Plaintiff relies on Guggenheim Capital, LLC v. Birnbaum, 722 F.3d 444 (2d Cir. 2013) to argue that willful default should be inferred if defendant received the complaint and did not answer it, and if this non-compliance was due to circumstance within his control. Guggenheim, however, is distinguishable. In Guggenheim, defendant was granted extensions and nevertheless failed to comply with several orders, admonitions, and warnings from the Court. See Guggenheim, 722 F.3d at 449. Moreover, unlike Defendant in this case, the defendant in Guggenheim did not provide sufficient justification for his non-compliance.
II. Prejudice
Plaintiff will not be prejudiced if the Clerk's Certificate of Default is set aside. Delay, alone, is insufficient to establish prejudice. New York v. Green, 420 F.3d 99, 110 (2d Cir. 2005). Instead, a plaintiff may demonstrate prejudice by showing that delay will result in "the loss of evidence, create increased difficulties of discovery, [or] provide greater opportunity for fraud and collision," Davis v. Musler, 713 F.2d 907, 916 (2d Cir. 1983), or that plaintiff's "ability to pursue the claim has been hindered since the entry of the judgment." Brown v. Gabbidon, No. 06-CV-8148, 2007 WL at *3 (S.D.N.Y. May 14, 2007) (internal citations omitted).

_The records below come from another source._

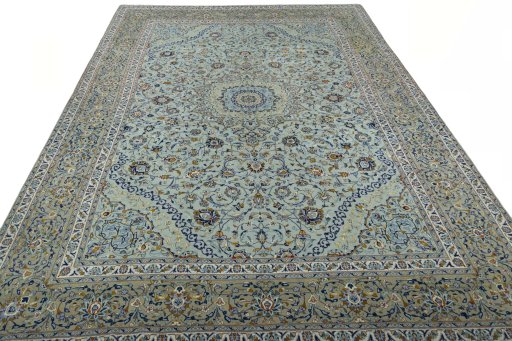 Surface texture of 2000s Kashan rug with natural Wool and intricate pattern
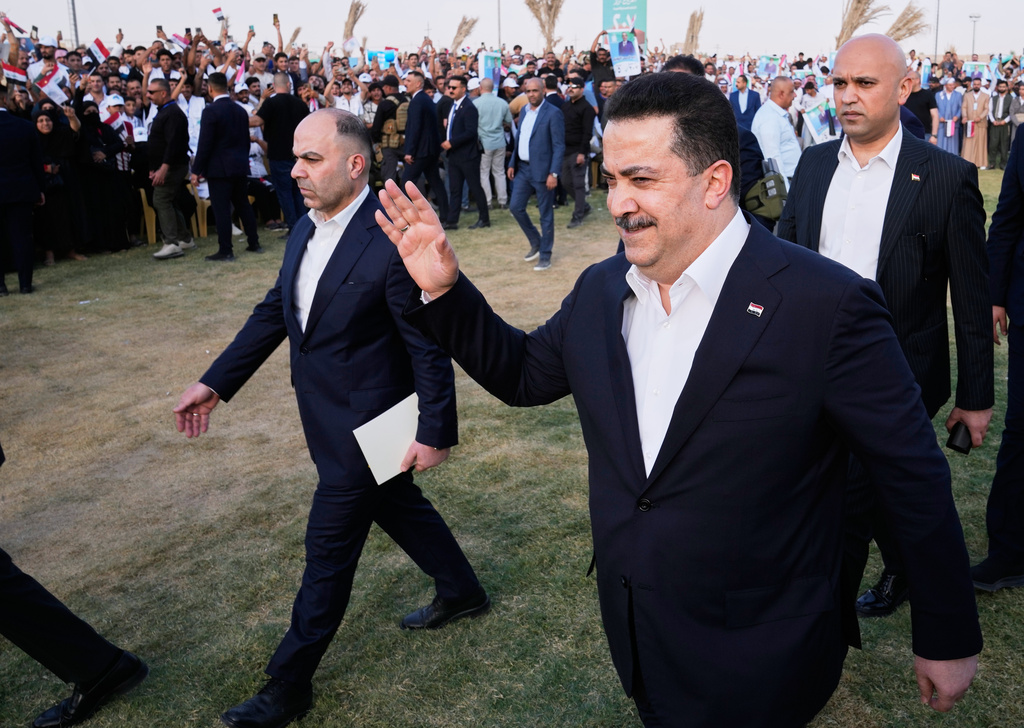 Iraqi Prime Minister Mohammed Shia al-Sudani arrives to his political block campaign rally before the parliamentary elections in Mosul, Iraq, Saturday, Oct. 18, 2025. (AP Photo/Hadi Mizban)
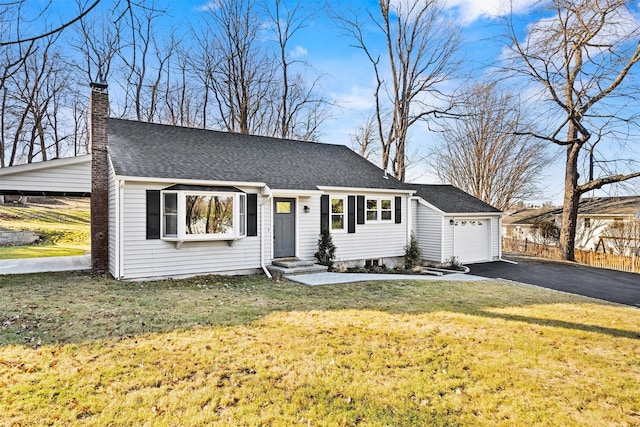 view of front of property with a front yard, roof with shingles, an attached garage, a chimney, and aphalt driveway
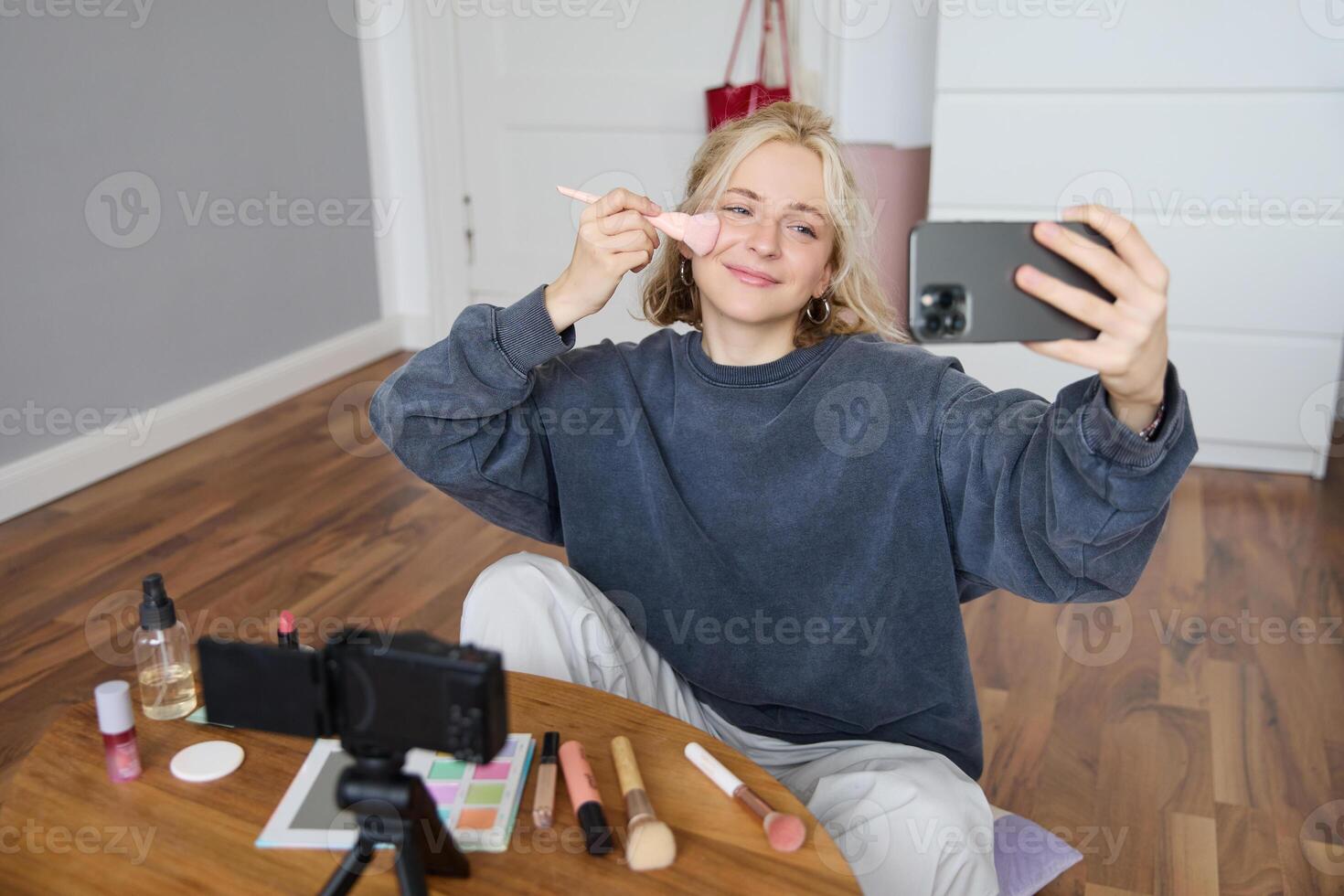 Portrait of beautiful young lifestyle blogger, woman vlogger recording on digital camera, live stream makeup tutorial on smartphone app, sitting in bedroom, using brush on her cheeks photo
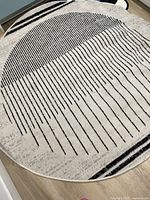 Full view of round cream rug with black stripes shown on wood floor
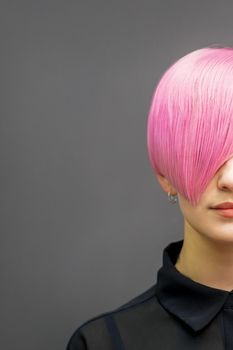 Portrait of a beautiful young caucasian woman with short bright pink hair. Professional hair coloring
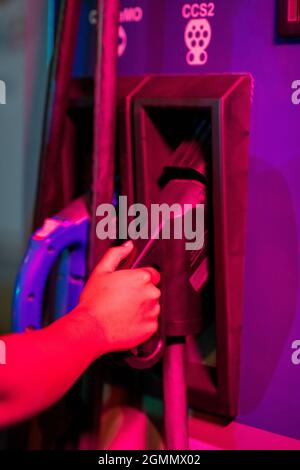 Hand einer jungen Frau, die Pumpe zum Laden eines Elektroautos an der Station nimmt Stockfoto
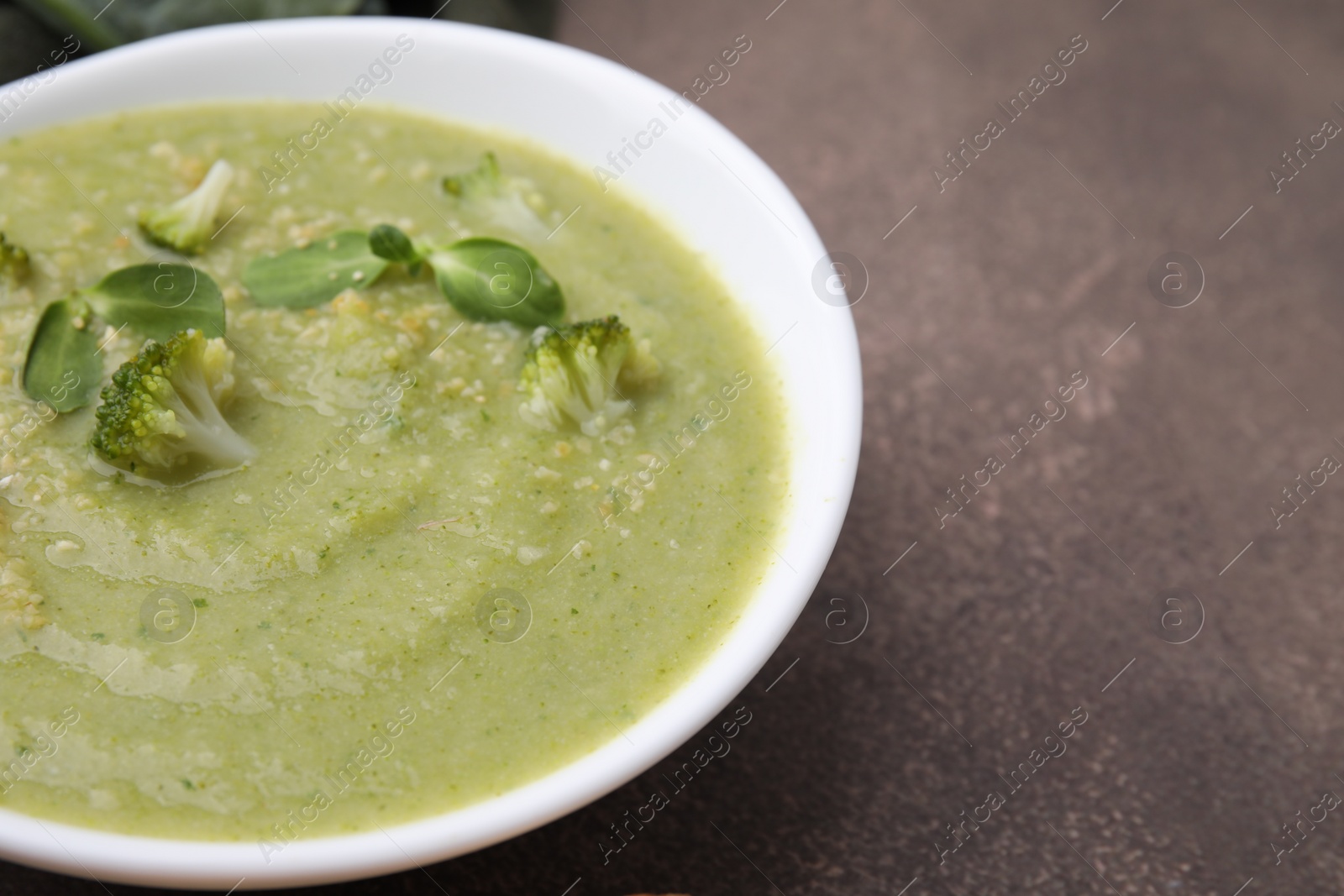 Photo of Delicious broccoli cream soup on grey table, closeup. Space for text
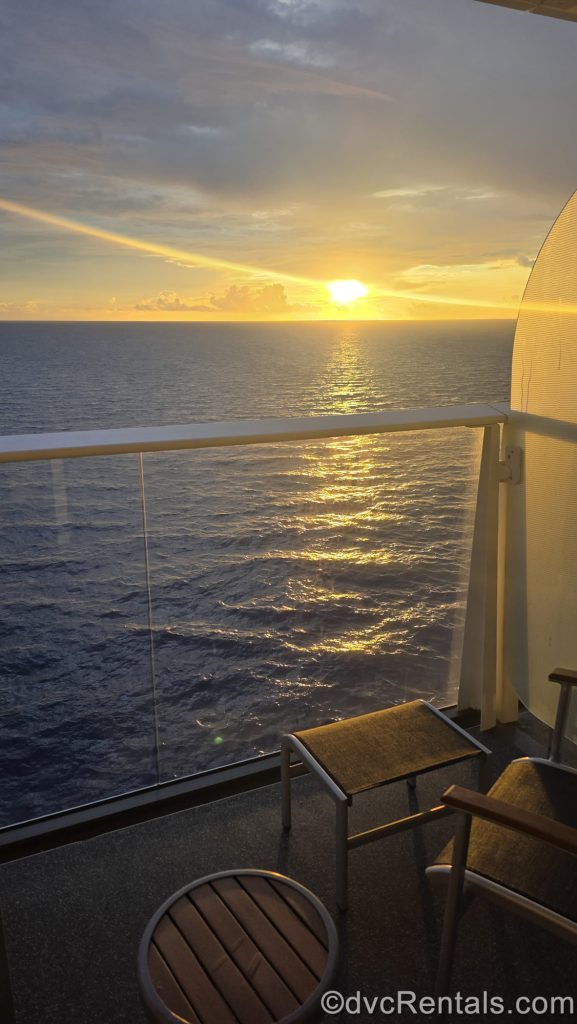The sun illuminates the sky with shades of yellow, orange and blue, as it sets over the ocean horizon, as seen from the stateroom balcony onboard Royal Caribbean’s Wonder of the Seas.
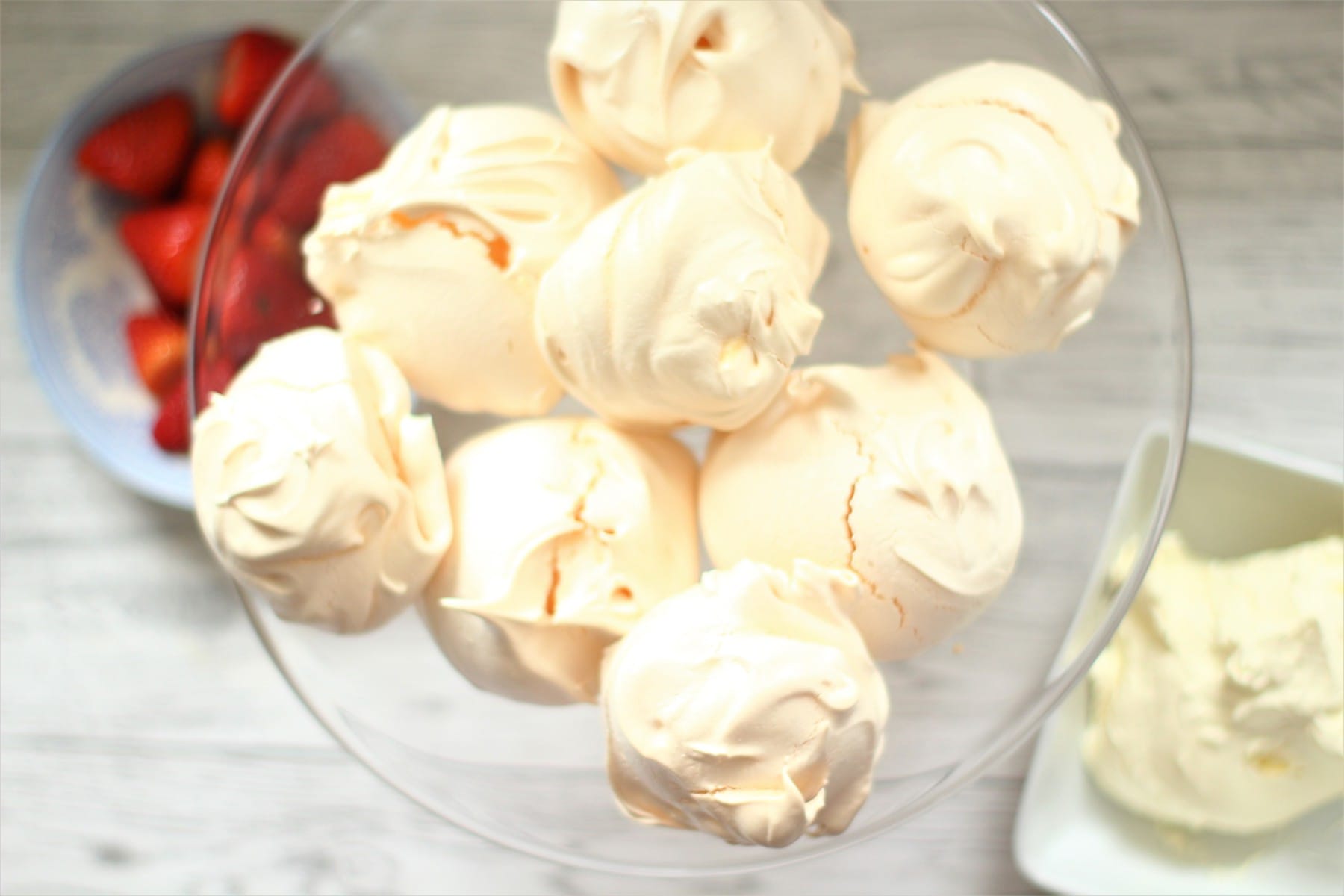 meringues with strawberries and cream in bowls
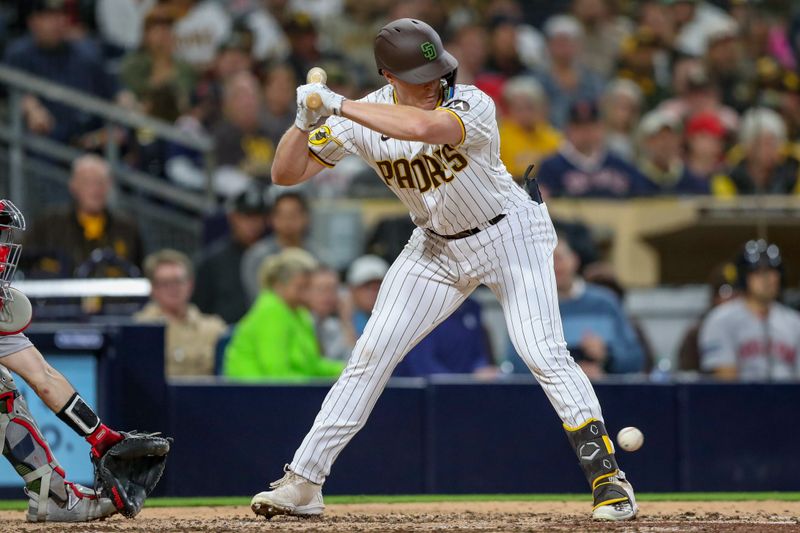 May 20, 2023; San Diego, California, USA; San Diego Padres first baseman Brandon Dixon (16) is hit by a pitch in the fifth inning against the Boston Red Sox at Petco Park. Mandatory Credit: David Frerker-USA TODAY Sports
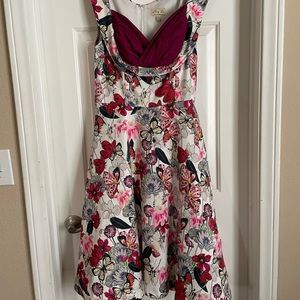 Pinup style Lindy Bop butterfly and flower dress. Silk material w/ accent bust.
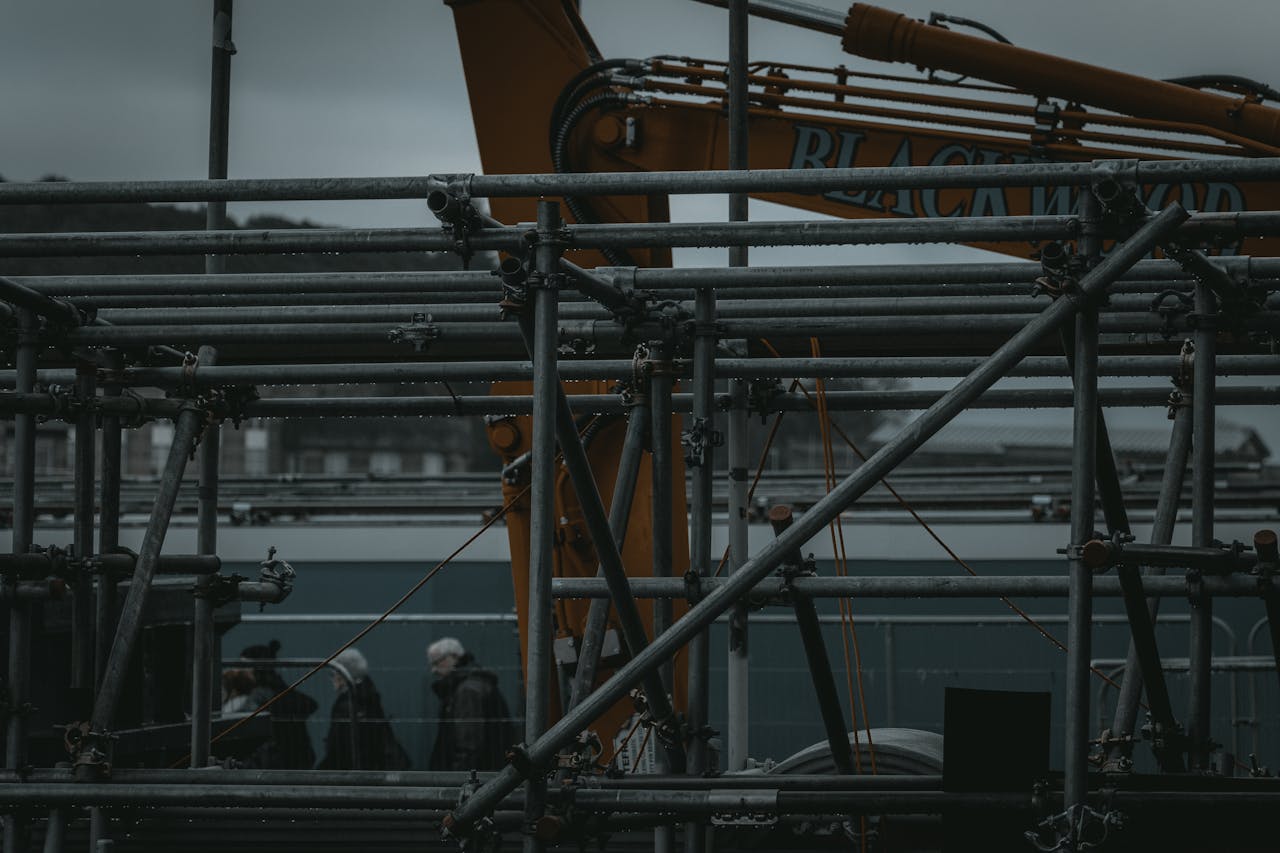 Scaffolding and machinery in an industrial setting with people in the background in Edinburgh, Scotland.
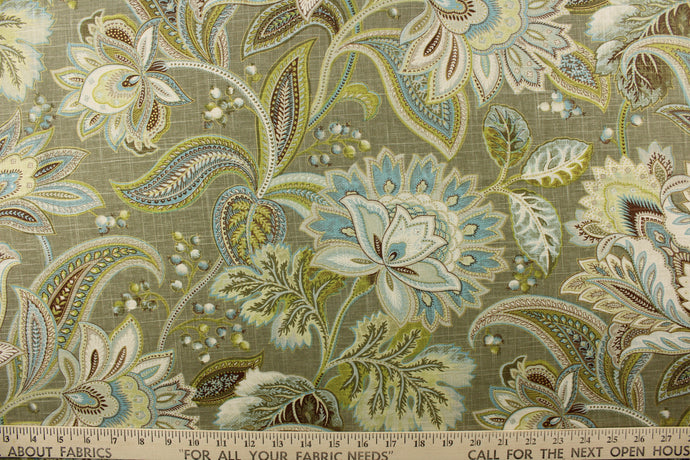 This gorgeous fabric features a large paisley design in green, brown, olive green, cream, and blue with hints of gold on brown gray background. 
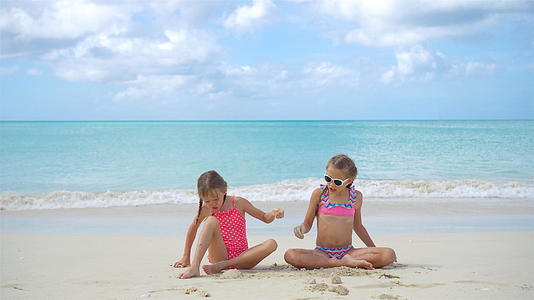 两个快乐的小女孩在热带海滩上玩沙子视频的预览图
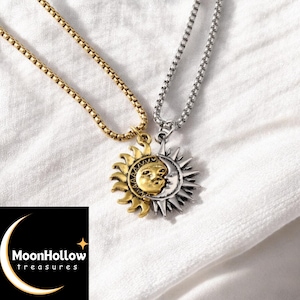 Può includere: Due collane abbinate con ciondoli a forma di sole e luna. Una collana ha una catena e un ciondolo color oro, l'altra ha una catena e un ciondolo color argento. I ciondoli sono collegati, con il sole e la luna che condividono un volto. Il logo MoonHollow treasures è in basso a sinistra.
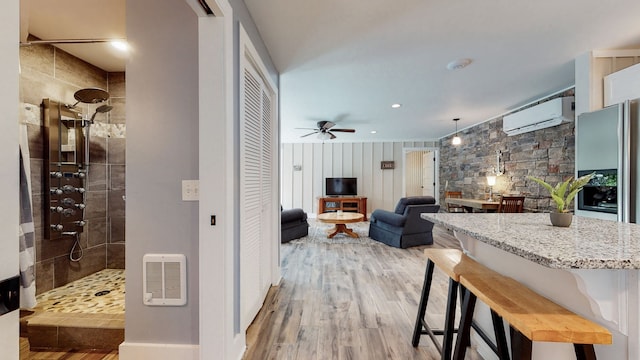 kitchen with a kitchen bar, ceiling fan, light wood-type flooring, and light stone counters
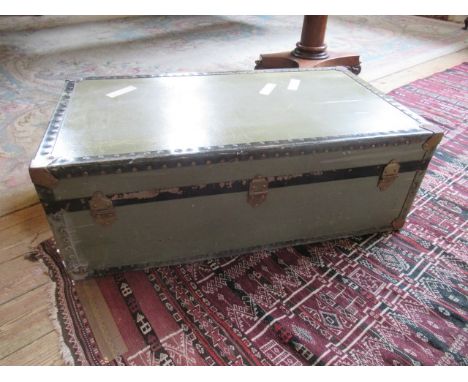 A brass bound steamer trunk, 93cm wide.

Plaintiff alleges two bases for prejudice: (1) Defendant continues to display certain copyrighted works for sale; and (2) although Defendant removed the works referenced in the Complaint, Defendant failed to provide assurances that it deleted the corresponding files from its own records. See Pl. Opp. at 19. To Plaintiff's first basis, Defendant asserts that it has now removed the works that Plaintiff claims still violate Plaintiff's intellectual property rights. See Defendant's Reply Memorandum of Law in Further Support (ECF No. 34) at 7. Plaintiff's second basis is about speculative, future harm that Defendants may cause if it reverts to the alleged infringement that instigated this lawsuit. The risk of future, speculative harm is insufficient to demonstrate prejudice and Plaintiff does not point to any prejudice beyond additional delay in vindicating its rights. Plaintiff will be able to attain the relief it seeks—namely, to receive adequate payment from Defendant, an injunction against current and future infringement, and an accounting—even after the opportunity for Defendant to respond to the Complaint and litigate this action.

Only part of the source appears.